Live and Non-Real-Time Source Separation Effects for Electroacoustic Music
Source separation algorithms for audio, which attempt the extraction of constituent streams from within a complex sound scene, have many compositional applications in sound transformation. Nascent polyphonic transcription technology is commercially available (e.g., AudioScore Ultimate, Melodyne’s Direct Note Access) and can sometimes enable alterations in the spectral domain, though a full re-synthesized separation of all timbral parts or sound sources in a complex recording remains open research.
Techniques to extract a cappella vocals have been explored by many home producers, such as lifting one channel from stereo (as sometimes works famously well for early Beatles stereo recordings) or forming mid/side (sum, difference) channels. More involved stream separation has been developed; much depends on multi-channel recordings, perfect extraction only being possible in theory if there are as many channels as sources/instruments/streams/parts to separate. There are techniques, however, for extraction from mono recordings using advanced linear algebra, probabilistic models or computational auditory scene analysis (Vincent and Ono 2010). As with polyphonic transcription technology, prior knowledge of musical signals of is great benefit. Whilst an inspiring research aim, perfect separation of parts from a mono source will always be unattainable and approximate.
Much of my own previous compositional work in source separation has a link to the respectable computer music career of composer-engineer Michael Casey, who has investigated such techniques as Independent Component Analysis and probabilistic latent components analysis as applied to musical signals, and also made them available to collaborators and students. 1[1. Casey’s current affiliation is to Dartmouth College and collaborators include Spencer Topei (Topei and Casey 2011) and David Plan Casals (Casals and Casey 2010); see also Maguire 2012.]
Source separation algorithms are becoming available to composers in some open source toolkits and plugins. Source separation techniques which have previously cropped up in computer music systems include Dan Stowell’s implementation of Zafar Rafii and Bryan Pardo’s research (2011) for SuperCollider (as the PV_ExtractRepeat UGen, which separates a repeating ostinato part, such as a measure loop or similar cyclical repeat, from the otherwise changing audio) and the use of spatial separation (Barry, Lawlor and Coyle 2004) in the Csound opcode pvsdemix.

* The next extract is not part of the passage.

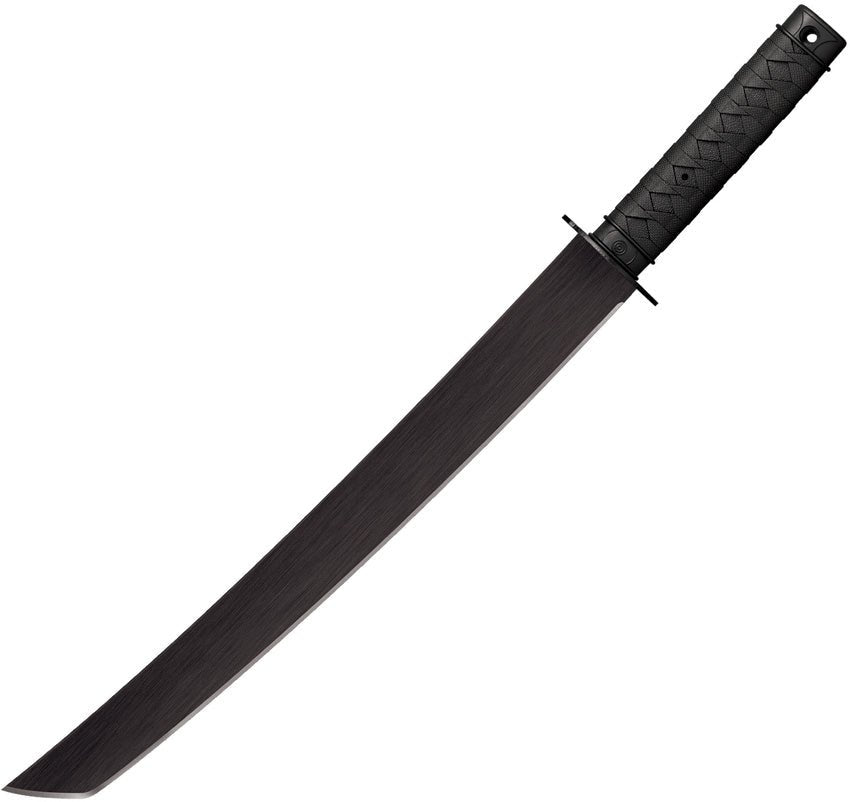 COLD STEEL 97TKLZ TACTICAL WAKIZASHI MACHETE FIXED BLADE KNIFE WITH SHEATH - S&R KNIVES INC
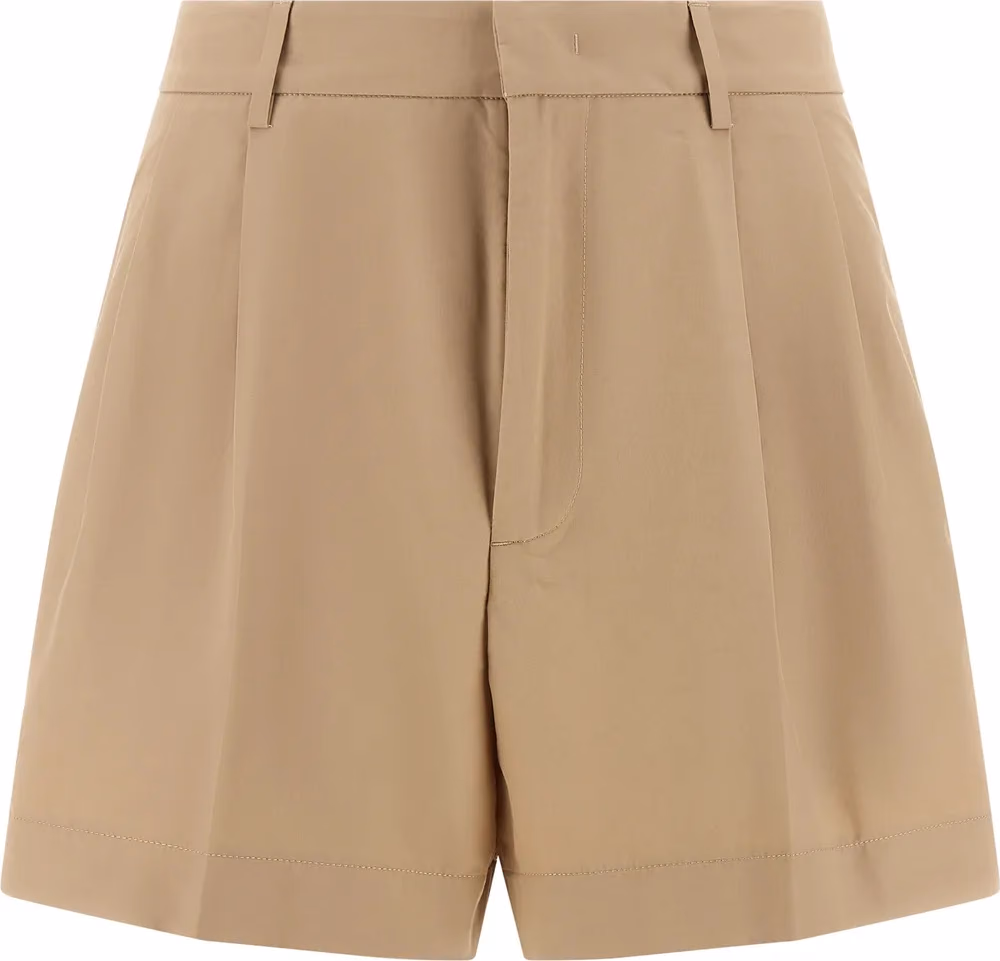 Fabiana Filippi Brown Cotton Bermuda Shorts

In the autumn of 2013, Nicholas Bryan and Ge Wang of CCRMA released ISSE, a new GUI-based interactive source separation editor based on spectral domain masking indicated by the user. 2[2. The Csound opcode pvsdemix is available on the Csound website. ISSE can be found on the SourceForge website.]
In this article, two plugins embodying live implementations of source separation for SuperCollider are introduced, alongside two compositions involving those plugins and discussion of further compositional applications. Neither of the plugins leads to perfect quality reconstruction and the reader is encouraged to try them to explore for themselves their quirks, further described below.
Two SuperCollider Implementations
Non-negative Matrix Factorisation (NMF) via the SourceSeparation UGen
A power spectrogram derived from a short-term Fourier transform can be seen as a two-dimensional matrix: the entries in the matrix are powers in time (columns) * frequency bins (rows). We can attempt the decomposition of this matrix via a method called Non-negative Matrix Factorisation (NMF), thus separating time-varying spectral data. Powers will all naturally be non-negative, and the power spectrogram is written as the product of two non-negative matrices: a matrix of source templates to be separated and a matrix representing control of their mixture over time. This expression is commonly notated via the matrix multiplication V=W*H, where V is the power spectrogram, W represents the source templates, and H the mixing of the source templates over time. Indeed, the columns of W are source spectral templates (single spectral snapshots) and the rows of H mixing coefficients over time for a given source (spectral snapshot). To illustrate, if the FFT size was 2048 samples with a hop size of 1024 samples (50% overlap of windows) at a 44,100 Hz sampling rate, and we recorded two seconds of audio, we might have 1025 frequency bins over 86 frames, that is, a power spectrogram 1025 rows by 86 columns. W would then be 1025 rows by n columns, where n is the number of sources to extract (to be chosen by the user of the algorithm), and the mixing matrix H would be n rows (one per source) by 86 columns (one per frame; each frame has coefficients for the blend of the source templates at that moment in time).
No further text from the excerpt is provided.